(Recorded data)
|---|
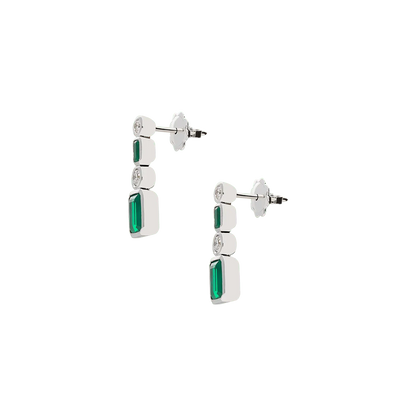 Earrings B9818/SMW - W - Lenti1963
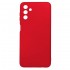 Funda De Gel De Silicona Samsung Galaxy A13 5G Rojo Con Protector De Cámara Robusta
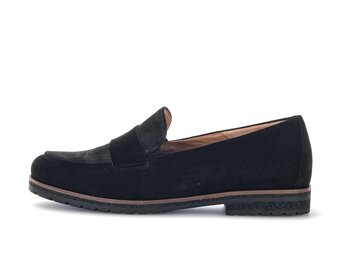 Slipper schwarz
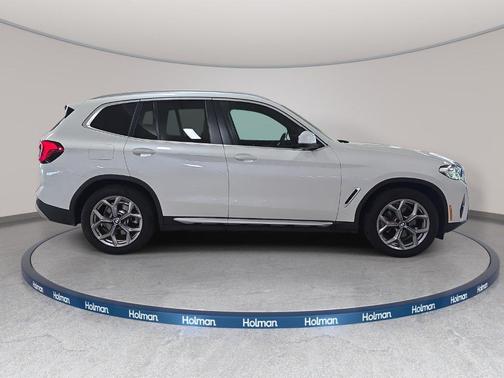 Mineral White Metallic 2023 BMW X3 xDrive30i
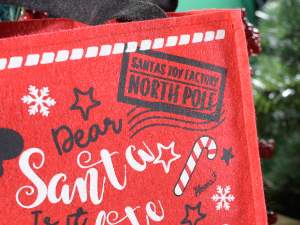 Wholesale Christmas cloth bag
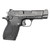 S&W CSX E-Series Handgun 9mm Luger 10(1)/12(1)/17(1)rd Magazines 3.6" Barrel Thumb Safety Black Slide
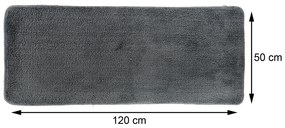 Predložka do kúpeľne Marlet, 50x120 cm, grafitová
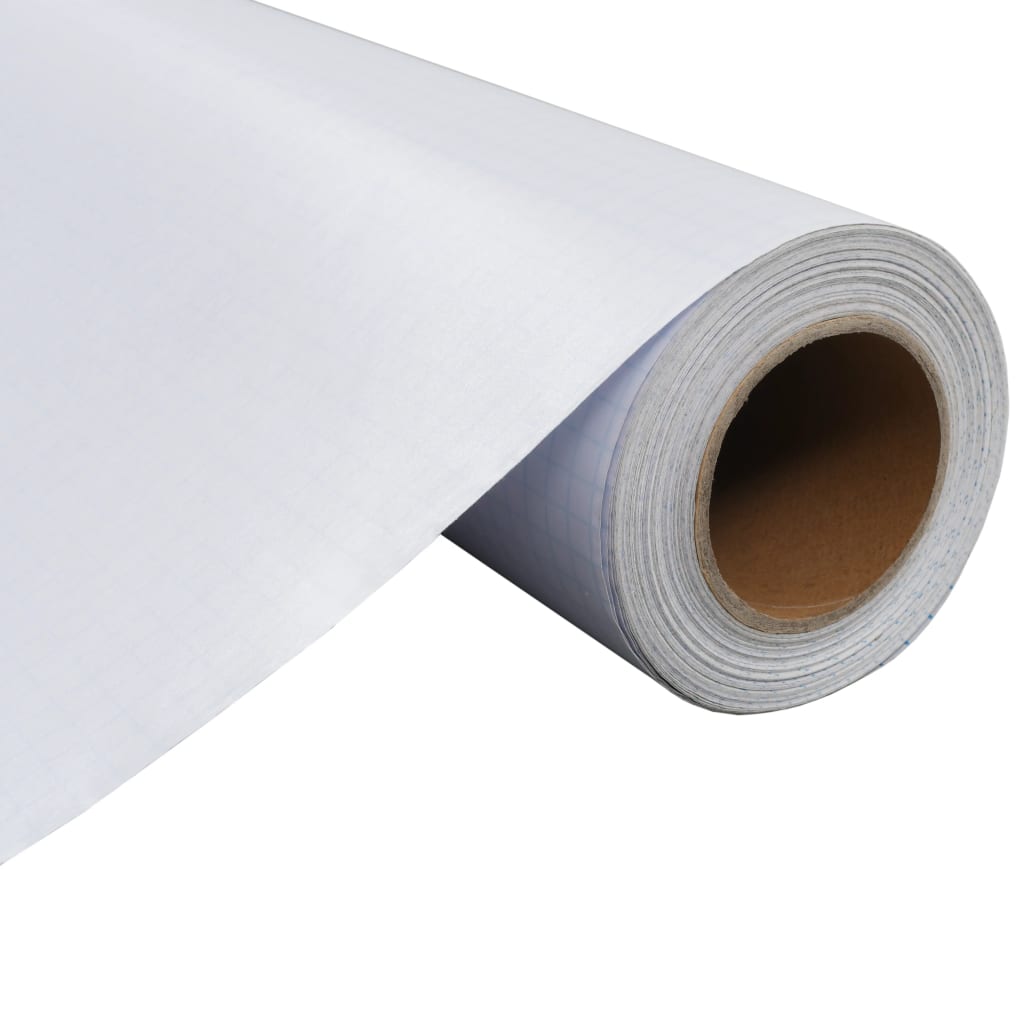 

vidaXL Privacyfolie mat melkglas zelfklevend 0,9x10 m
|---|
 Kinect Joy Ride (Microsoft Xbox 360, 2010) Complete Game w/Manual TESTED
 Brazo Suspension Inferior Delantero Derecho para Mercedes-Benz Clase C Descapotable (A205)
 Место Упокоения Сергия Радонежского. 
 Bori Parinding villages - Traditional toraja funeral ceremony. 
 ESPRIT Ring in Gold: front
|---|
TASK ITEM:
Look above for the line with "Earrings B9818/SMW - W - Lenti1963" and the line with "vidaXL Privacyfolie mat", then copy them and all lines in between exactly as written, and only those, without any pictures.

EXERCISE OUTPUT:
 Earrings B9818/SMW - W - Lenti1963
 Funda De Gel De Silicona Samsung Galaxy A13 5G Rojo Con Protector De Cámara Robusta
 Slipper schwarz
 Mineral White Metallic 2023 BMW X3 xDrive30i
 Wholesale Christmas cloth bag
 S&W CSX E-Series Handgun 9mm Luger 10(1)/12(1)/17(1)rd Magazines 3.6" Barrel Thumb Safety Black Slide
 Predložka do kúpeľne Marlet, 50x120 cm, grafitová

vidaXL Privacyfolie mat melkglas zelfklevend 0,9x10 m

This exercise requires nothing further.